This AP item in today's Washington Post caught our eye, "Cate Edwards, daughter of the former presidential candidate, announces new law firm":
RALEIGH, N.C. -- Cate Edwards, daughter of former presidential candidate John Edwards, has announced she is joining a new public-interest law firm with offices in New York and Washington.
In a post on Twitter, the 30-year-old Edwards said her firm Advocates for Justice will represent "regular, working people."
Yes, and it also appears to be a kissing cousin of the now-defunct radical community organizing group, ACORN.
First, a few notes:
- Advocates for Justice was founded in 2010 by New York attorney Arthur Z. Schwartz, so it's not really that new of a law firm.
- Edwards has been at the firm for a while; in March she wrote a column as an AJA attorney for Politico, "A4J Attorney Cate Edwards: Health Law A Leap Forward For Women." Why would one wait to announce her joining the firm until now? Oh.
- Edwards is more than just a lawyer with the group. According to her bio, she manages the Washington office.
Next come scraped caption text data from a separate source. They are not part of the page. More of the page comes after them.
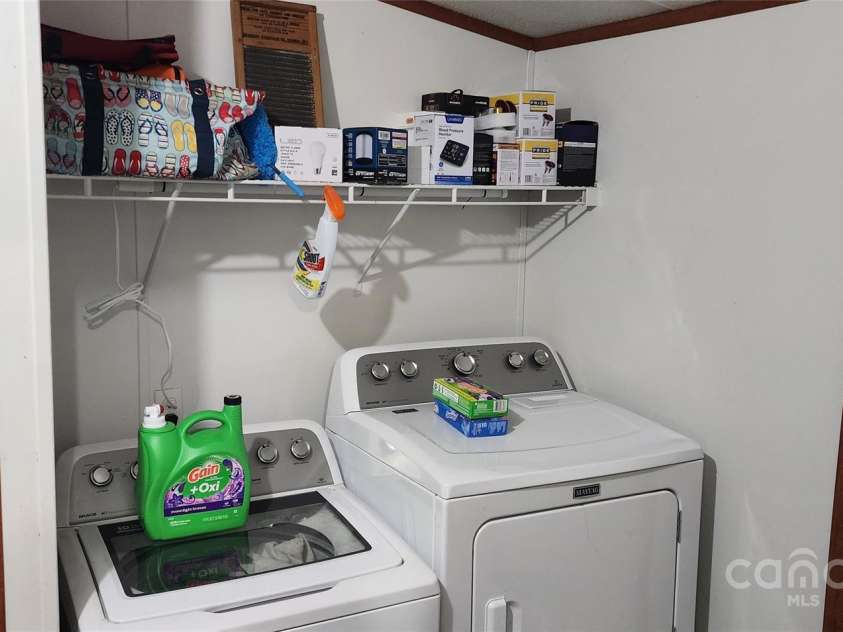 4688 Taxahaw Road, Lancaster, SC 29720.  MLS# CAR4273135, YatesRealty ID 21974. Laundry Room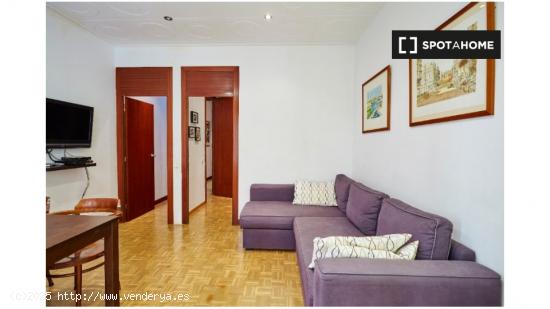 Apartamento de 3 dormitorios en alquiler en Gràcia - BARCELONA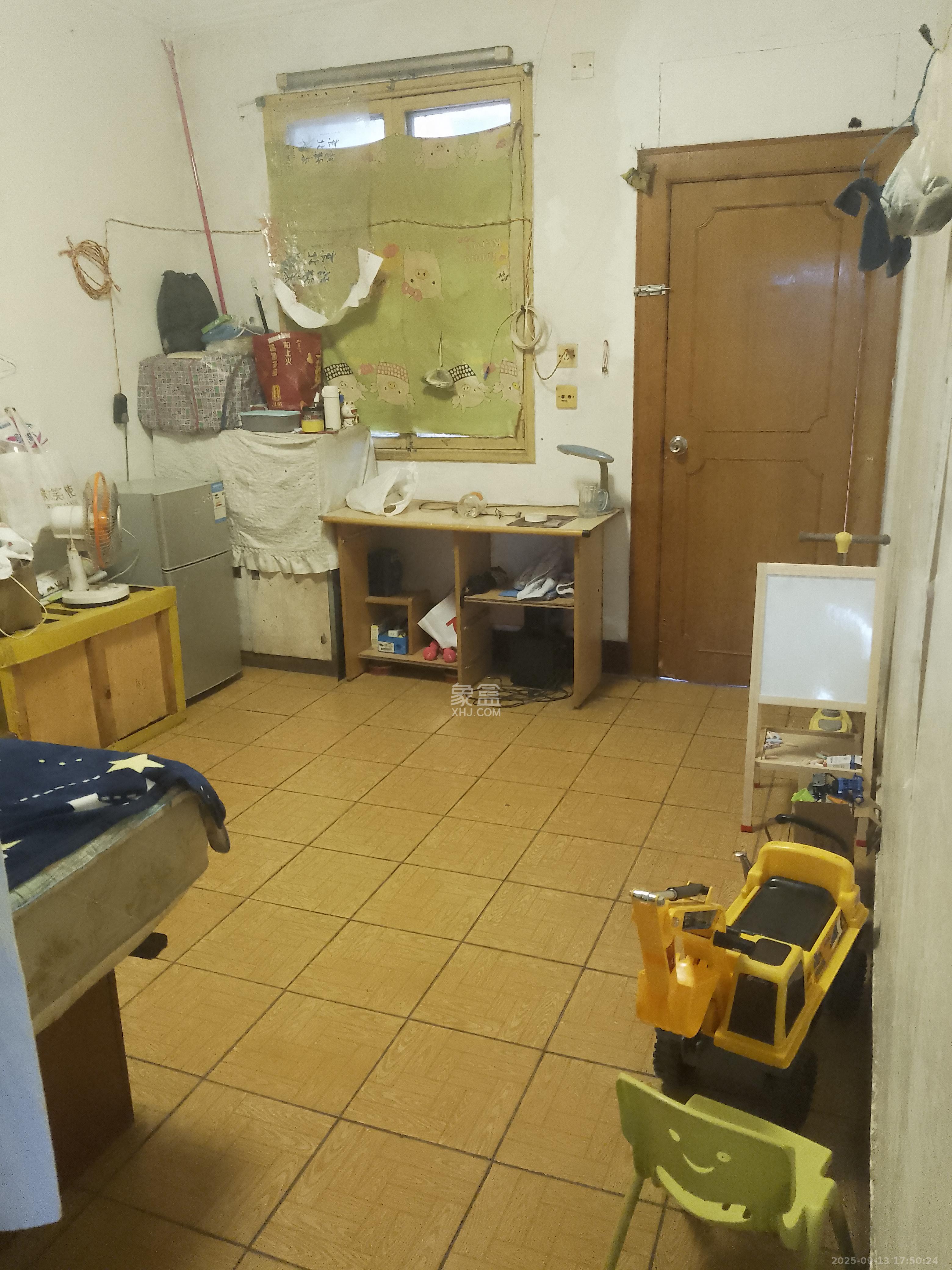 东瓜山二村  2室1厅1卫    1100.0元/月室内图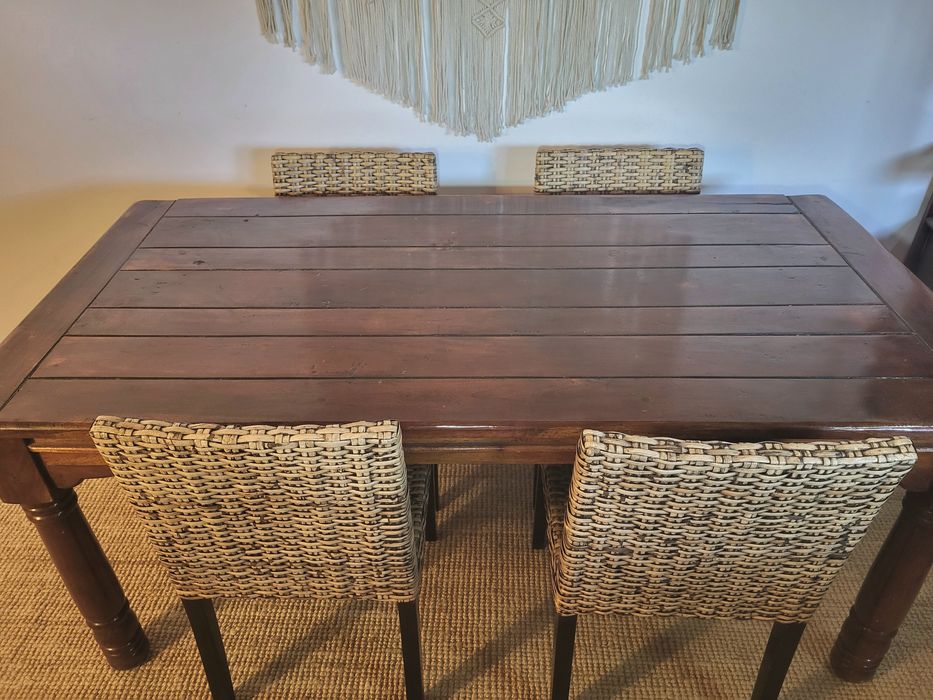 mesa e 4 cadeiras, refeições, secretaria, indiana, oriental, rustico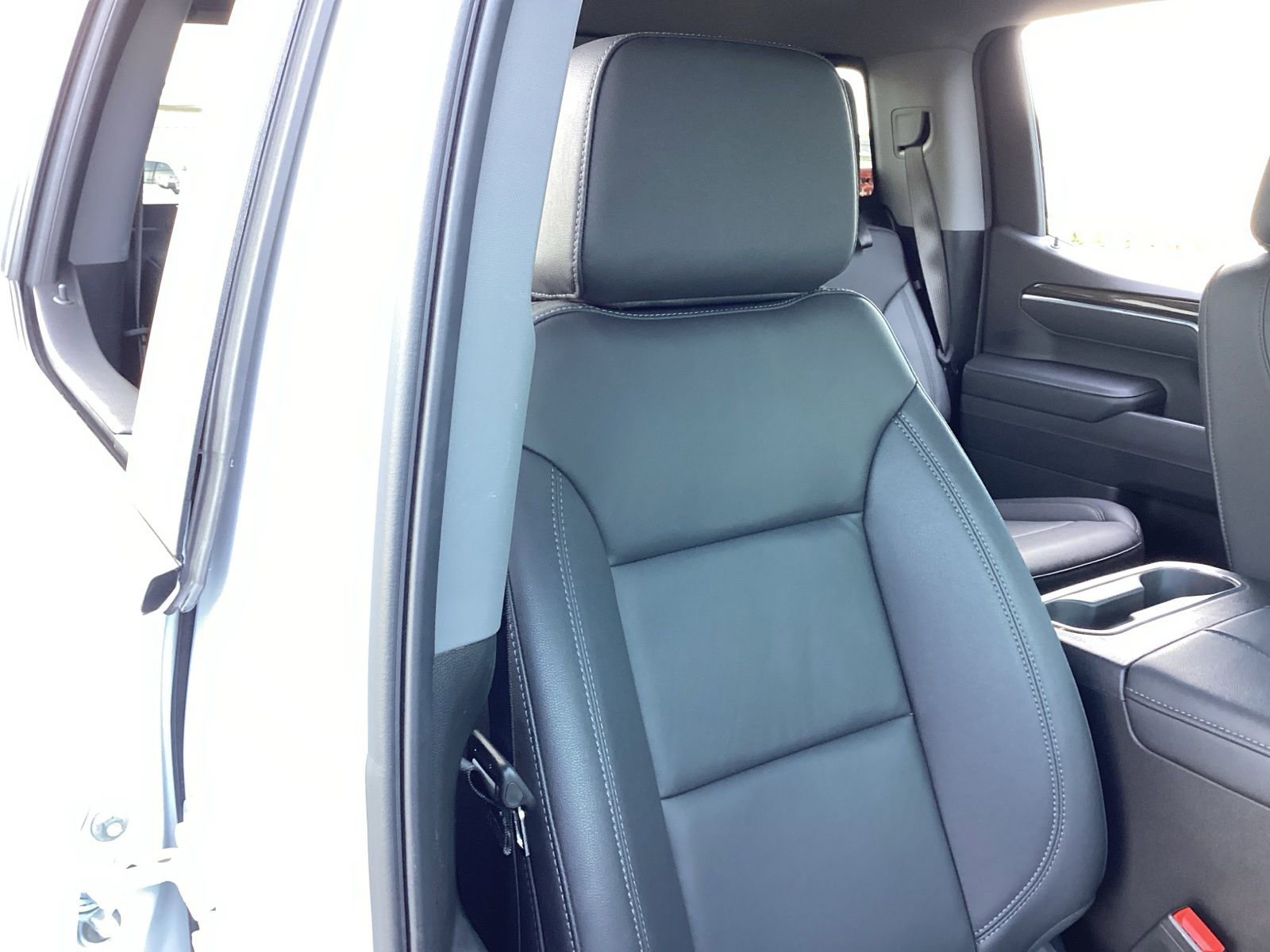 Used 2025 Chevrolet Silverado 1500 LT Trail Boss w/ Convenience Package II image 18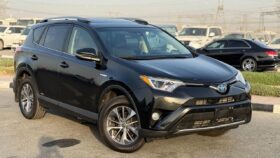 Toyota RAV4 Hybrid XLE 2.5L,sunroof,leather seats Full option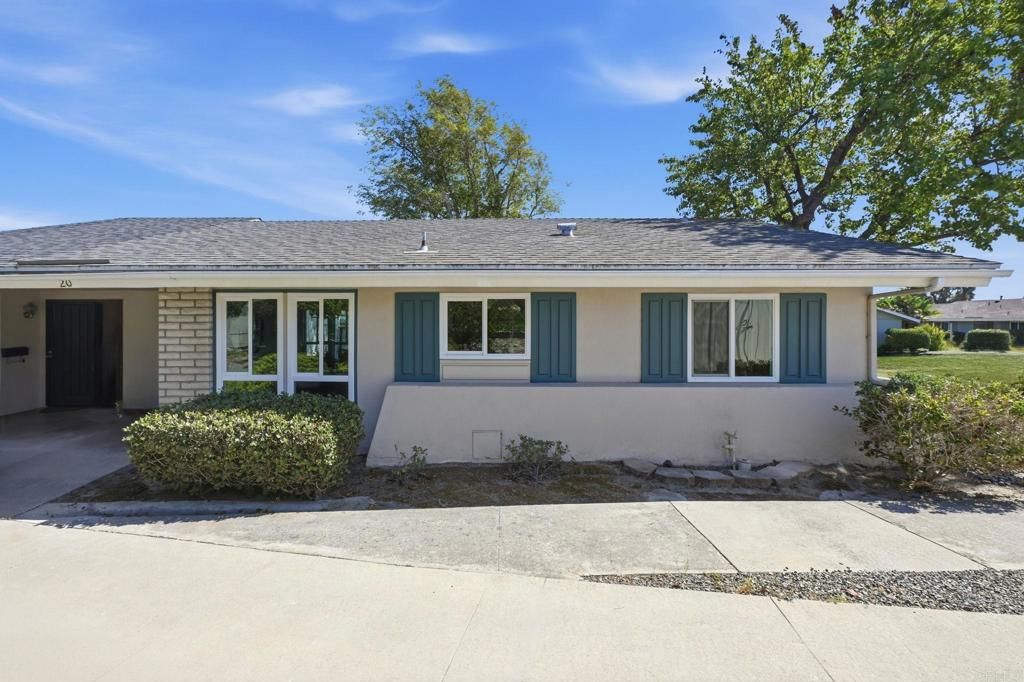 3760 Vista Campana S 20, Oceanside, CA 92057 — exterior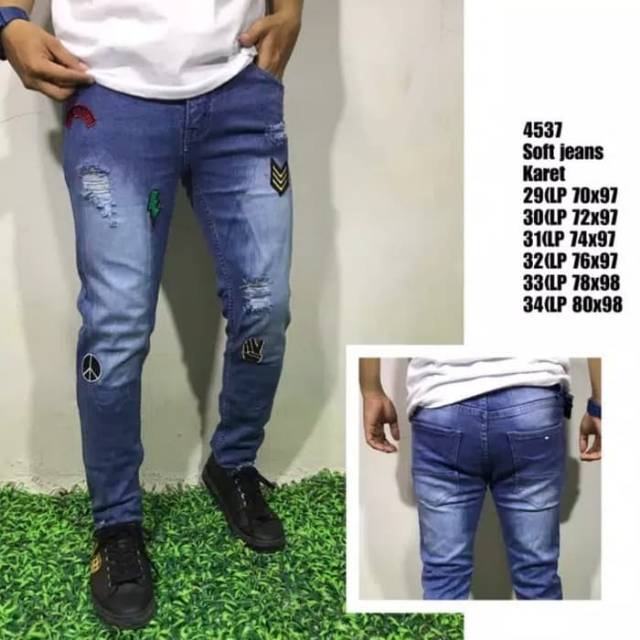 18Collection Celana Jeans Pria  Sobek With Patch Motif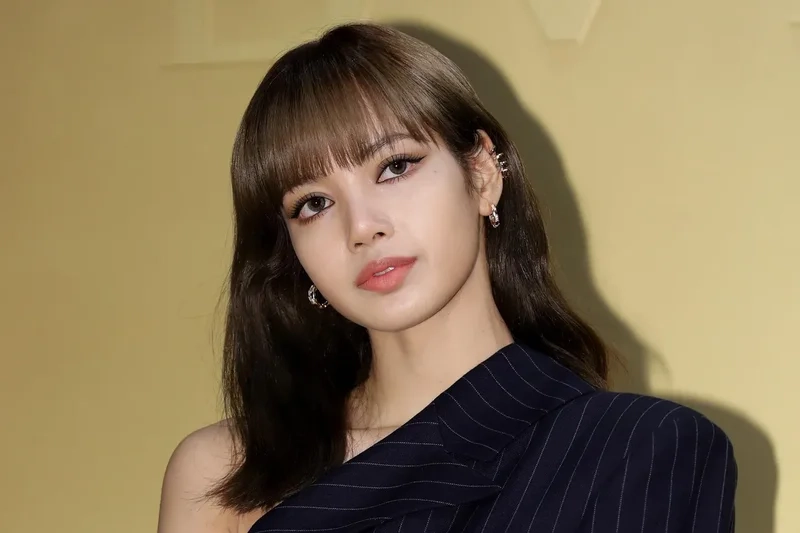 Hình nền blackpink lisa giúp bạn thể hiện tình yêu với thành viên này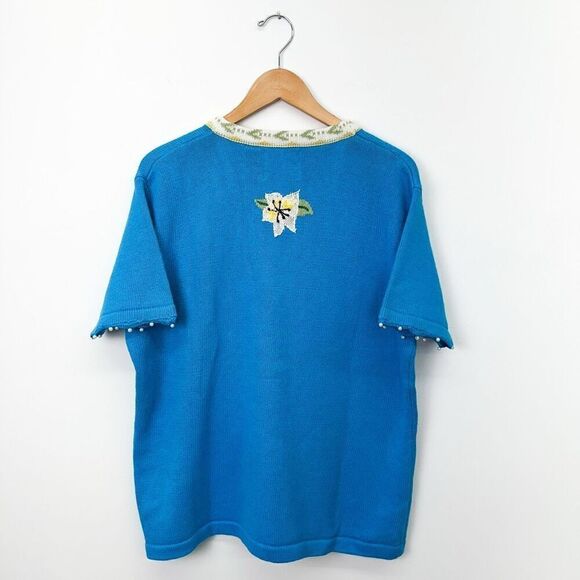 Storybook Knits Women’s Blue Short Sleeve White Lillies Floral Button Cardigan S - Picture 2 of 9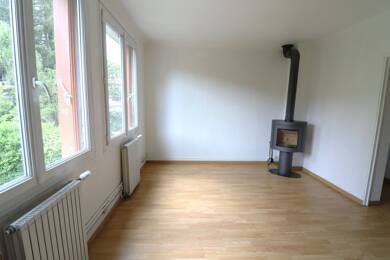 Appartement à louer 1 300 € 3 pièces 2 chambres 65 m² Étage 1/2 Saint-Cyr-l'École 78210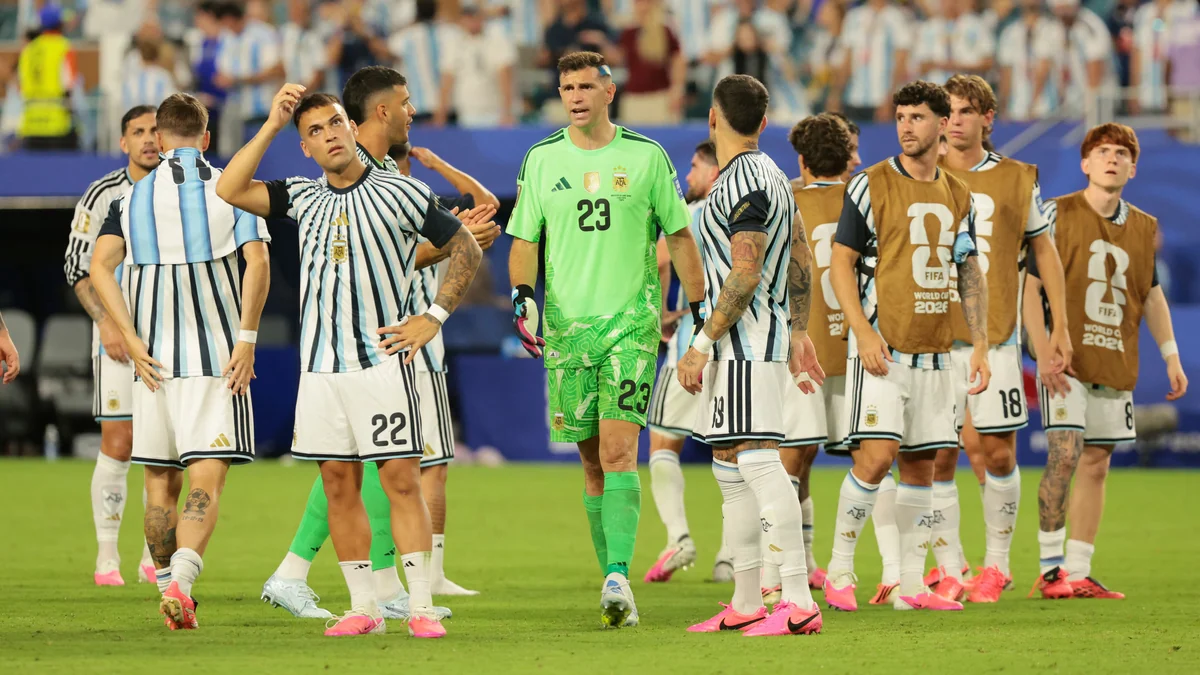 “¡Había que sufrir!”: el mensaje de Dibu Martínez a sus compañeros en la cancha tras la ajustada clasificación ante Cabo Verde en el Mundial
Granted, it is a small firm. (Potential media bias alert: Her bio also reveals that while in law school she worked for a summer for NPR Supreme Court reporter Nina Totenberg.)
We get curious, a little suspicious, when an organization uses the much misappropriated word "justice" in their title, so sought more information about Advocates for Justice. The group's [original] website, www.advocatesforjustice.net, says it's a 501(c)3, with the following mission:
Advocates for Justice exists to fight fights of working people, to fight for racial justice and equal rights, and to assist those who organize the poor and working people, and who advance the fight for equality. Advocates for Justice will do research, publish educational and investigative materials, and organize lawyers across the country to provide pro bono and low fee legal representation to fulfill its purpose.
The Blog of The Legal Times has more on the firm, "Public Interest Law Firm Opens in D.C., New York."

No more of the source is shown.